Robert Hitt Neill column
Published 12:00 am Tuesday, August 14, 2007
Brownspur Swimming hole spells heat relief
There used to be a radio or TV commercial that asked the question, “How do you spell ‘Relief’?”
I have forgotten the product or service being advertised, but for some reason I want to say that it dealt with what my doctor granddaddy would have listed as “Lower Tract Problems.”
Whatever, it caught on, and Br’er Beau made it his password whenever he’d come to spell me with a tough job on the farm. He’d show up with a grin and the greeting, “How do you spell Relief?” and I’d willingly turn the job over to him.
That was usually a mechanical problem, and no one ever accused me of being mechanically minded, whereas Beau was pretty good at stuff like that, even carpentry, which eluded me too. My carpenter motto was, after the initial cut, “If it don’t fit, get a bigger hammer!”
At any rate, I was usually glad for my brother to come in and spell Relief. My son filled the niche of his college baseball team closer, or relief pitcher, and that was the team chant when he came to the mound with men on base to get the ball from the starting pitcher, who was generally real glad to see Adam come in.
As a left-hander, his pick-off move was so good that, if the opposing team had never seen him pitch, their runner on first was a sure out. Adam would warm up, the plate ump would cry, “Play ball!” and he’d pick the guy off first base. Relief was his business back then.
Going on 30 years ago, when we moved our home 11 miles out here to Brownspur, our original plan was to put the house back together, put a roof back on it, re-wire & re-plumb it, then of course remodel the interior and paint the whole thing inside and out. Since I have a broken back and the only exercise I can do is to swim, we planned a concreted, chlorinated, filtered swimming pool in the back yard.
As I believe Bobbie Burns put it, “The best-laid plans of mice and men gang aft awry.” After remodeling, we didn’t have the $25,000 or so that a real swimming pool was going to cost. My plan had gang aft awry.
So that summer, I took my tractor, dirt bucket, and blade to clean up an old silted-in stock pond in the pasture next to the house, under a huge cypress tree. I intended to make it rectangular, but once I got about four feet down into that blue clay, I went in from the shallow end, made my turn in the deep end, and dropped the bucket for another load. Took me three days to get the tractor out!
I studied the problem, and figured that I’d have to make my cuts at speed to get it twelve feet deep like I needed, so I added an L, and would come in from the side at speed for my cuts, intending to fill the L back in when I finished.
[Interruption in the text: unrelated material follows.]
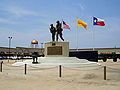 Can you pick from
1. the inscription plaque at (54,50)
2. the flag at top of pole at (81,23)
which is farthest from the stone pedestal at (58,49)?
the flag at top of pole at (81,23)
But the kids, once I’d proclaimed it completed, protested, so I left it like that, and brought in three loads of clay gravel to spread and pack with the tractor wheels for a hard bottom.
Then I brought in four loads of white sand, and made it a beach. Ran me a two-inch water line from my well (Billy Schultz said, “Heck, that’ll be good for that well, Son!”) and filled up the Brownspur Swimming Hole. During summer swimming season, I throw in eight pounds of chlorine a week, and a wee bit of Aqua-Shade, a concentrated blue dye. Water comes out of my well at 68 degrees.
Yesterday the Brownspur thermometer said 106, and today it’s already 102 by noon, when I just finished mowing the lawn. Yesterday I didn’t get out there until about four, but today I’ll be there right after I finish about half of that tomato pie that Betsy is taking out of the oven, since I already tested it right after mowing and I want to assure you, it is absolutely perfect.
How do we spell Relief from the heat out here at Brownspur? “S-W-I-M-M-I-N-G H-O-L-E.”
My neighbor and I were floating around out there one hot afternoon a couple of weeks ago, and for some reason we were discussing the Bible – his wife started that, as I recall. Whatever the question was, I advised Charlotte to ask Betsy when she came out there, but I assured her of one Biblical thing: “If Jesus came around here this afternoon, He would not walk on this water; He’d get in and cool off just like me and Jim are doing. This is a touch of Heaven, on a day as hot as today!”
I hope you have a Relief place yourself, but it ain’t near’bout good as mine!